Haute société, Bas-Empire

Une rafale de révélations suscite la stupéfaction en France.

Élection présidentielle française


Des dirigeants politiques côtoieraient en permanence — et en bonne amitié — hommes et femmes d’affaires. Les seconds financeraient les partis des premiers. Ils obtiendraient en échange une réduction appréciable du taux de leurs impôts. Plus renversant encore, la baisse de la fiscalité sur les hauts revenus (près de 100 milliards d’euros en dix ans) aurait surtout avantagé... les hauts revenus, protégés depuis 2006 par un « bouclier » conçu à cette intention. Enfin, soucieux d’éprouver par eux-mêmes les rigueurs de la nouvelle loi commune, les gouvernants (et leurs familles) seraient plus nombreux à se reconvertir dans les affaires que dans le syndicalisme.
Ainsi, l’« affaire Bettencourt » a rendu visible ce qui l’était déjà (1).
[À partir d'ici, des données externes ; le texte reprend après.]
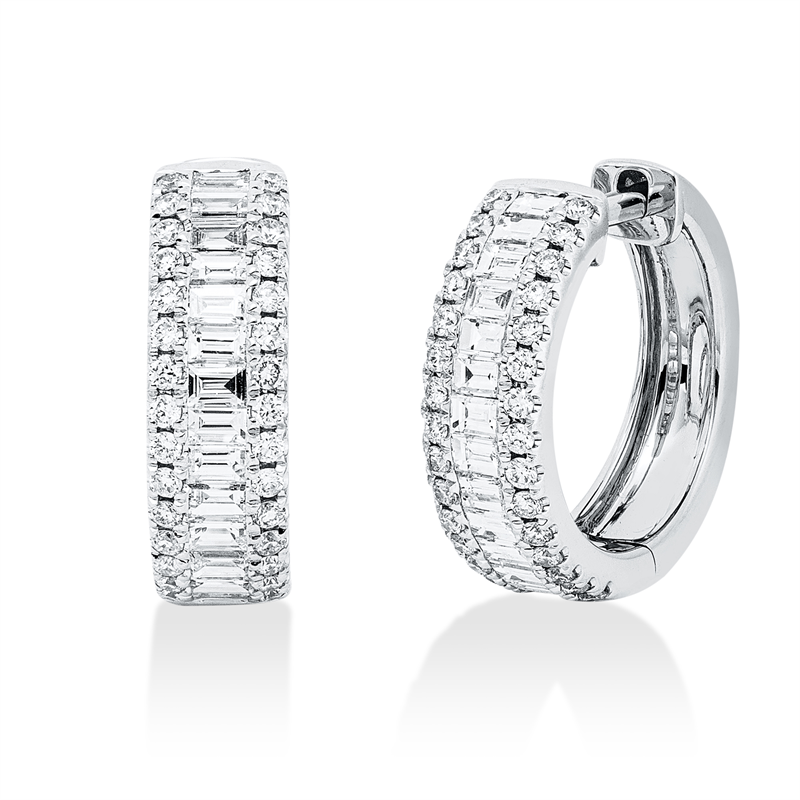 Creolen 18 kt WG, 28 Bag. 0,62 ct, TW-si, 60 Brill. 0,29 ct, TW-si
En avril dernier, les journalistes d’investigation dormaient-ils donc, et les professeurs de vertu avec eux, quand Mme Florence Woerth décrocha un poste d’administratrice chez Hermès, elle qui se consacrait déjà — sans que cela provoque le moindre émoi — aux finances de Mme Liliane Bettencourt, troisième fortune de France ? M. Eric Woerth avait réagi ainsi : « Je suis ministre de l’égalité hommes-femmes, j’aurais bien tort de vouloir freiner la carrière de ma femme, (...) parallèle à la mienne » (AFP, 21 avril 2010). Nul ne le soupçonnait vraiment de contrarier l’épanouissement professionnel de sa femme, mais personne ne s’alarma non plus du « parallélisme » ainsi tracé entre le parcours d’une gestionnaire de grande fortune soucieuse d’« optimisation fiscale » aux Seychelles et celui d’un ministre du travail qui s’apprêtait à amputer la retraite des ouvriers. Tout cela, c’était avant l’affaire Bettencourt. Les rapports entre argent et pouvoir étaient exactement ce qu’on en révèle aujourd’hui. Mais, à l’époque, tout allait bien...
L’impact du « scandale » actuel tient peut-être à des détails qui tuent : un jeune et ambitieux secrétaire d’Etat à l’emploi qui profite d’un voyage officiel à Londres pour supplier des gestionnaires de fonds spéculatifs de la City de financer son groupuscule, baptisé Nouvel Oxygène ; un taux d’imposition des revenus se situant entre 1 % et 6 % par an (2) dans le cas de Mme Bettencourt (le bouclier fonctionne...) ; une journaliste vedette qui décroche un entretien sur TF1 avec la propriétaire de L’Oréal en précisant : « Je la connaissais pour avoir dîné avec elle et son mari chez des amis communs. Il nous arrivait aussi de nous croiser à l’occasion d’expositions. »
Pour que cette affaire tentaculaire devienne le « collier de la reine » de l’oligarchie française, il faudrait cependant, au minimum, qu’elle débouche sur la fin des pantouflages entre public et privé, sans oublier les « ménages » des journalistes qui ont ainsi contractualisé leur connivence avec l’argent. Le brouhaha du dernier mois n’aura en revanche servi à rien si l’espoir de purifier une atmosphère de Bas-Empire conduit à porter à l’Elysée un frère siamois de M. Nicolas Sarkozy. Comme, par exemple, le directeur général du Fonds monétaire international (3). Les grandes fortunes célébreraient la victoire d’un socialiste d’affaires dans un autre Fouquet’s. Et tout recommencerait.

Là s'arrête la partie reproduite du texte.